_Caption-style text data_.

<<<<

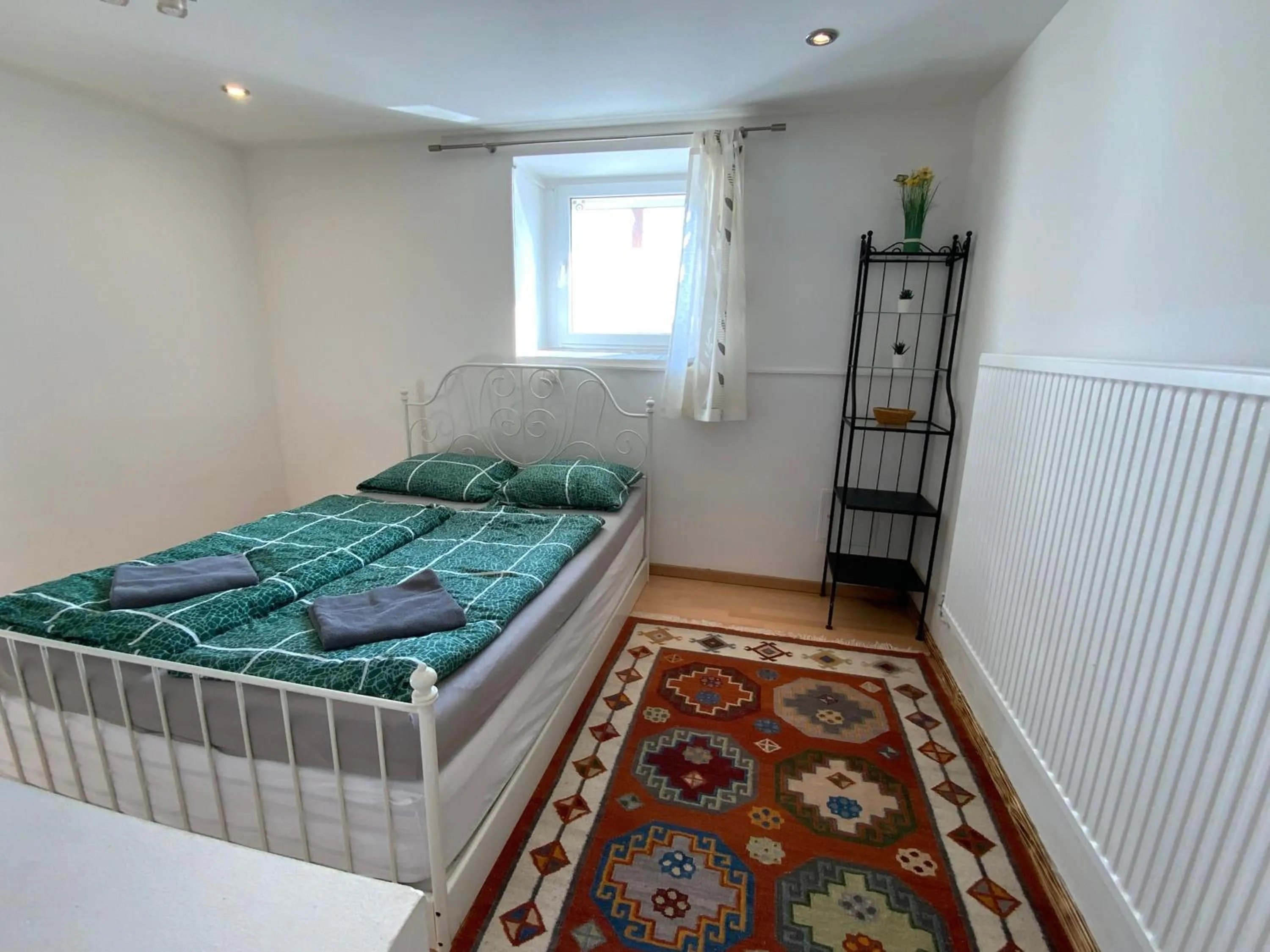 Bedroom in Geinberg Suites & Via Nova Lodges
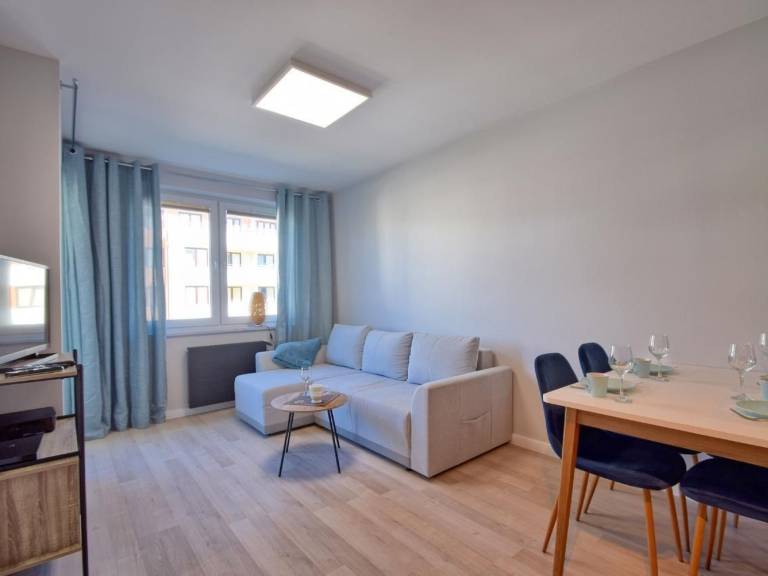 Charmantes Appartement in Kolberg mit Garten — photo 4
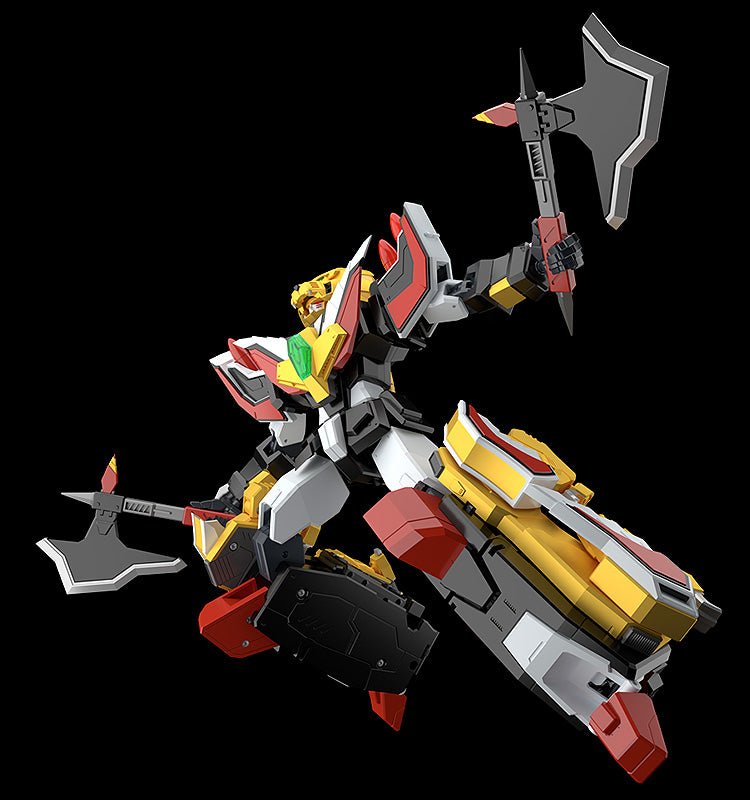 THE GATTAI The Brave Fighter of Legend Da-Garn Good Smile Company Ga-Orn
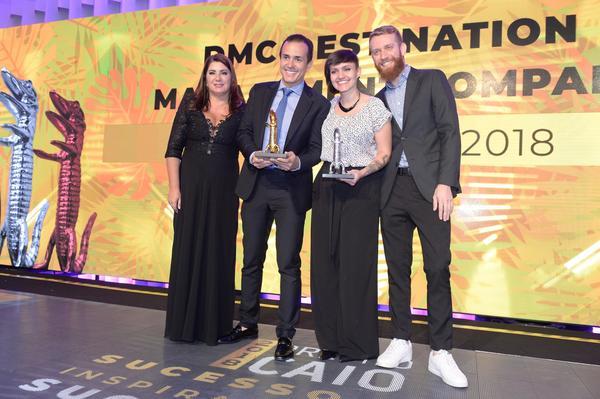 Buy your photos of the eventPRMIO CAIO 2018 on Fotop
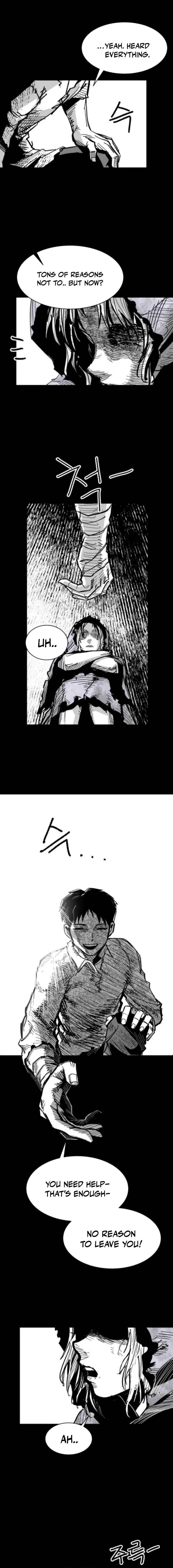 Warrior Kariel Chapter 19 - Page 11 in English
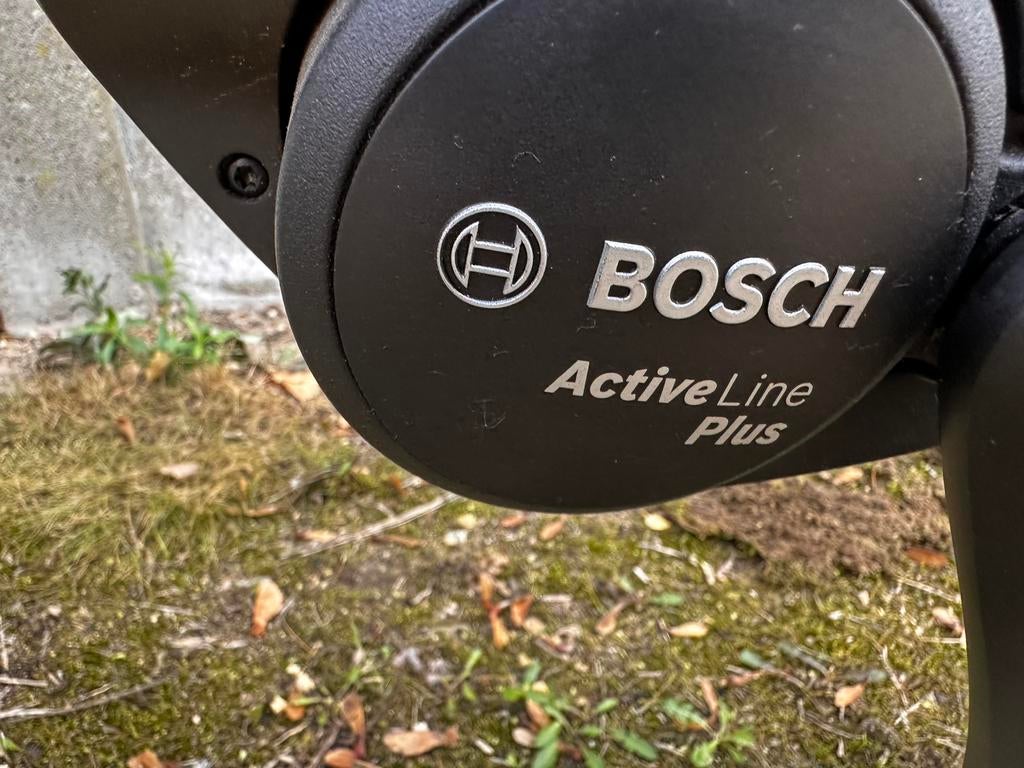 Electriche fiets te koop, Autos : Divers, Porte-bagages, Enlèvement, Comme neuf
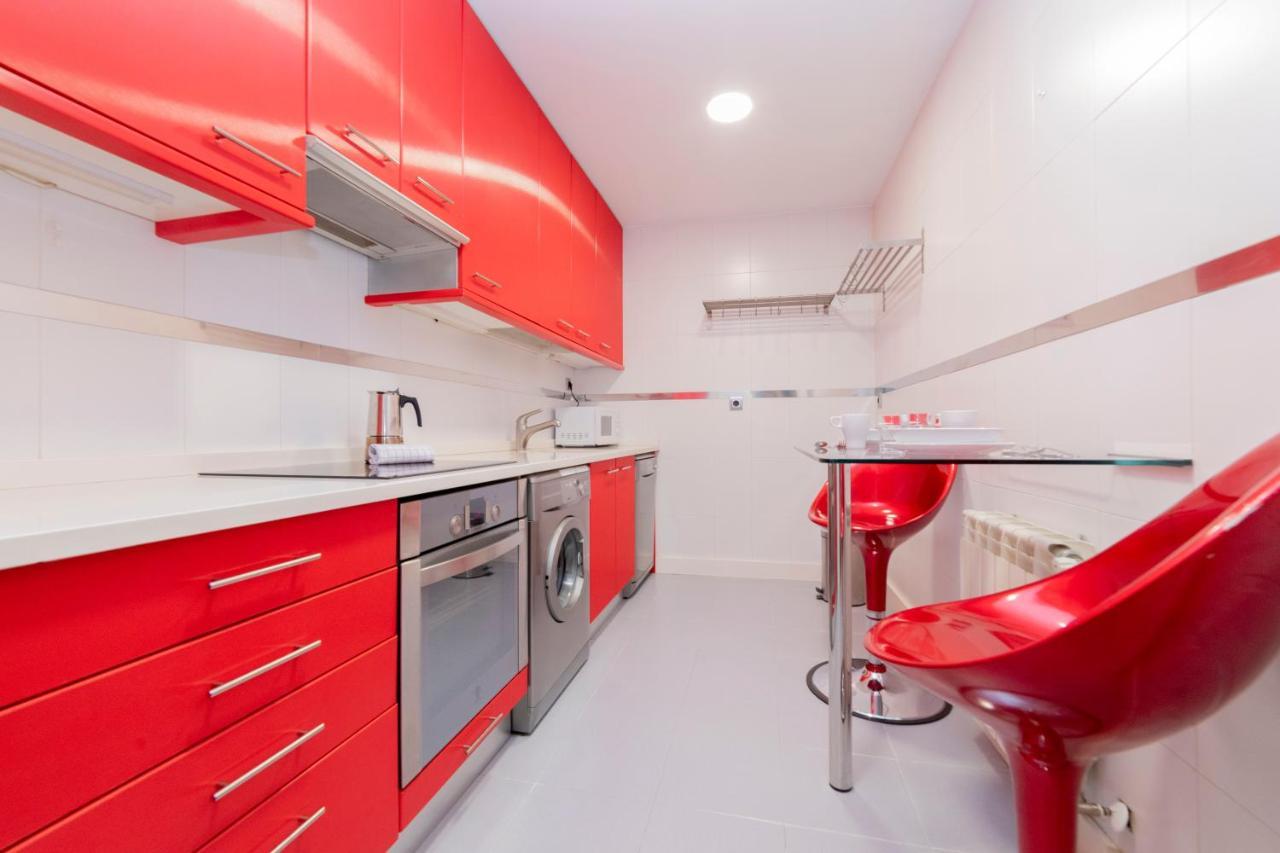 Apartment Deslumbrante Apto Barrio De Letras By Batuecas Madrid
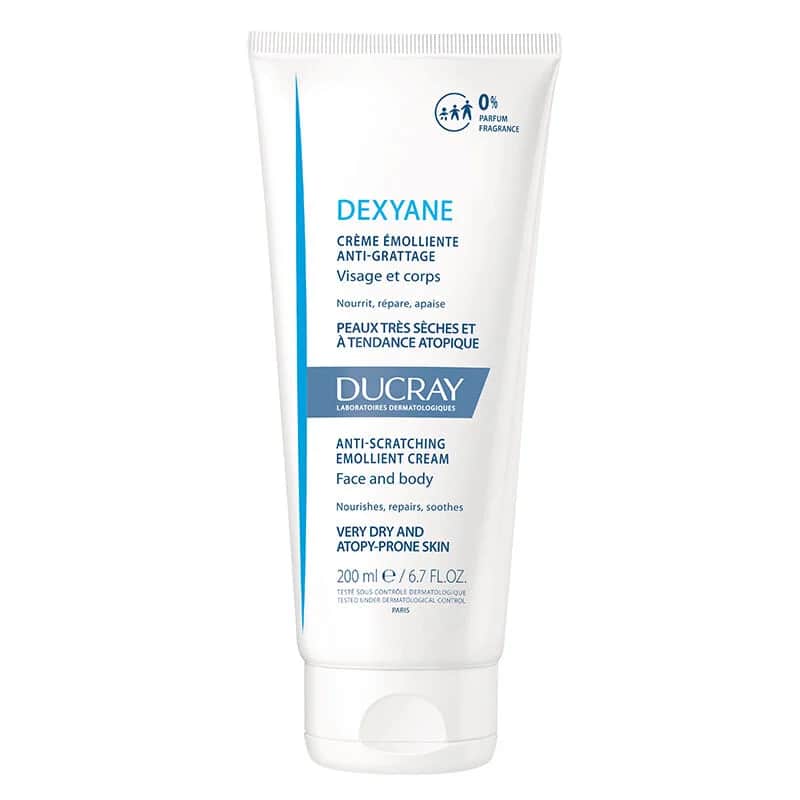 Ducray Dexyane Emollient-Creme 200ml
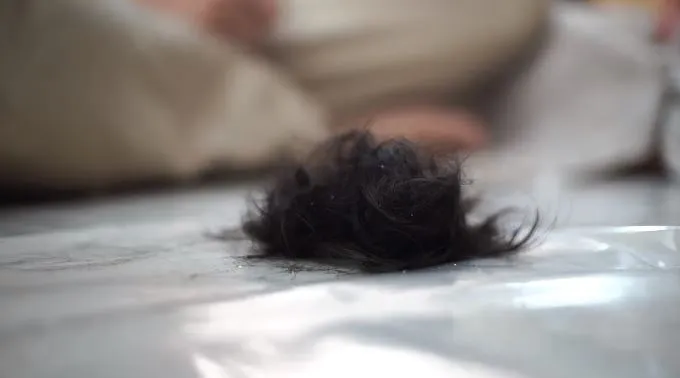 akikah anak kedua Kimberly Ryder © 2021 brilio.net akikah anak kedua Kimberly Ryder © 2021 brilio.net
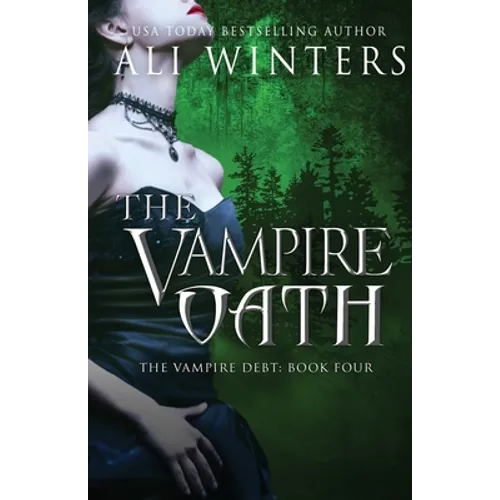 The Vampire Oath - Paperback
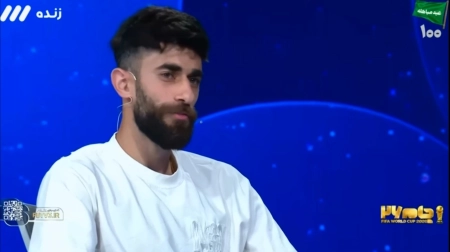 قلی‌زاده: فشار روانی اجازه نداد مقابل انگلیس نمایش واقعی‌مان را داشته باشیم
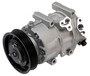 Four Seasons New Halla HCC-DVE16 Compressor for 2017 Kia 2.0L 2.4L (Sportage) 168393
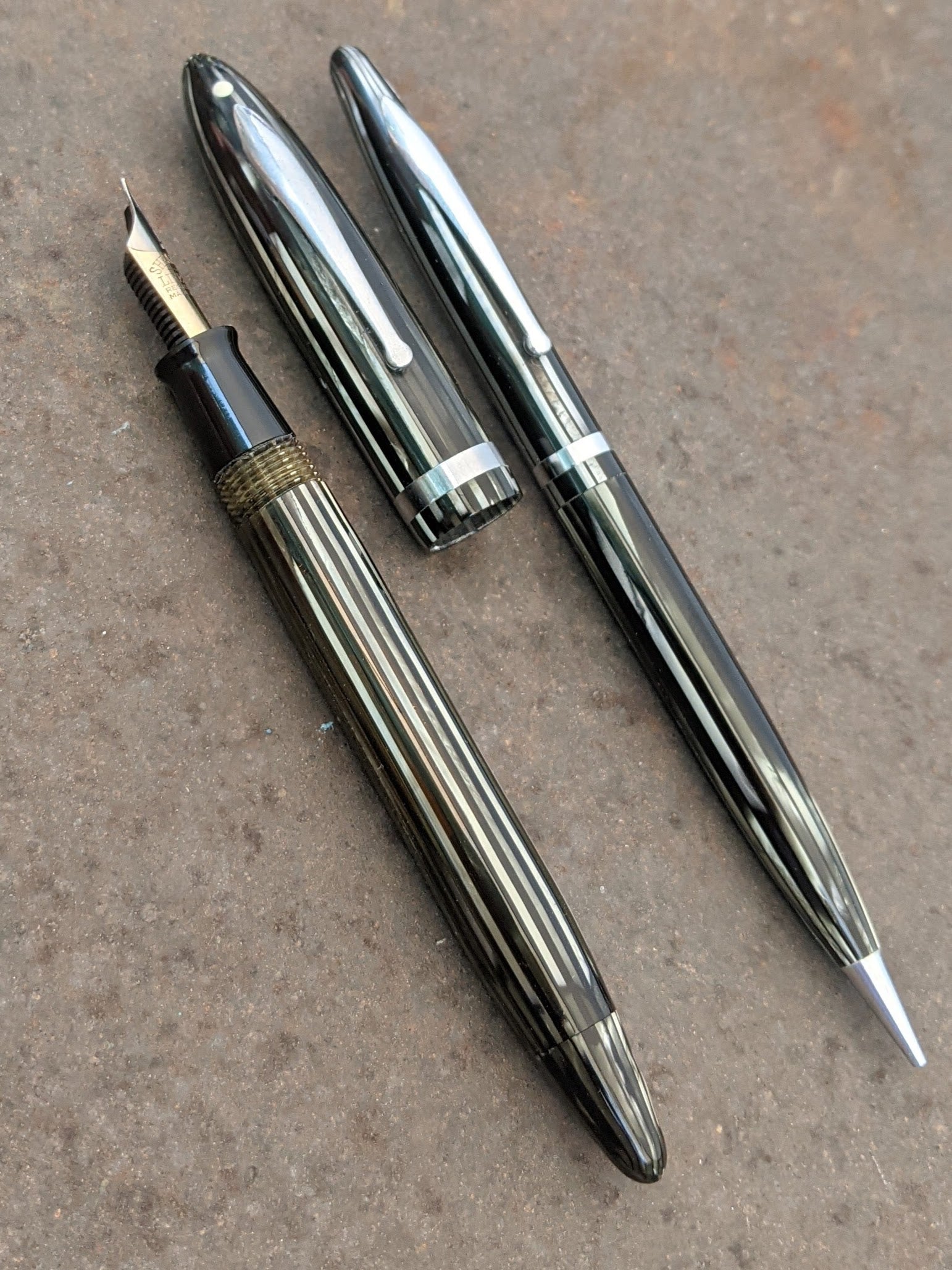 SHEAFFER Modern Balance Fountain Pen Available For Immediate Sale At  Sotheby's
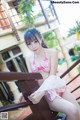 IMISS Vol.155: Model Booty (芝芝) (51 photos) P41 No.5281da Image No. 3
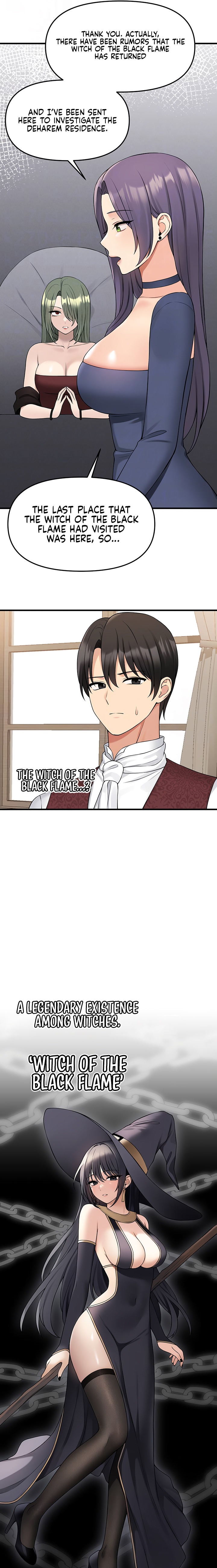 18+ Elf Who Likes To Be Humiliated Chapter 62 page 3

>>>>

_EXERCISE BRIEF_. Your output is the lines from the top of the entries through the line containing "Warrior Kariel Chapter", exactly as they stand. No pictures belong in it.

_RESULT OF THIS EXERCISE_.
 Bedroom in Geinberg Suites & Via Nova Lodges
 Charmantes Appartement in Kolberg mit Garten — photo 4
 THE GATTAI The Brave Fighter of Legend Da-Garn Good Smile Company Ga-Orn
 Buy your photos of the eventPRMIO CAIO 2018 on Fotop
 Warrior Kariel Chapter 19 - Page 11 in English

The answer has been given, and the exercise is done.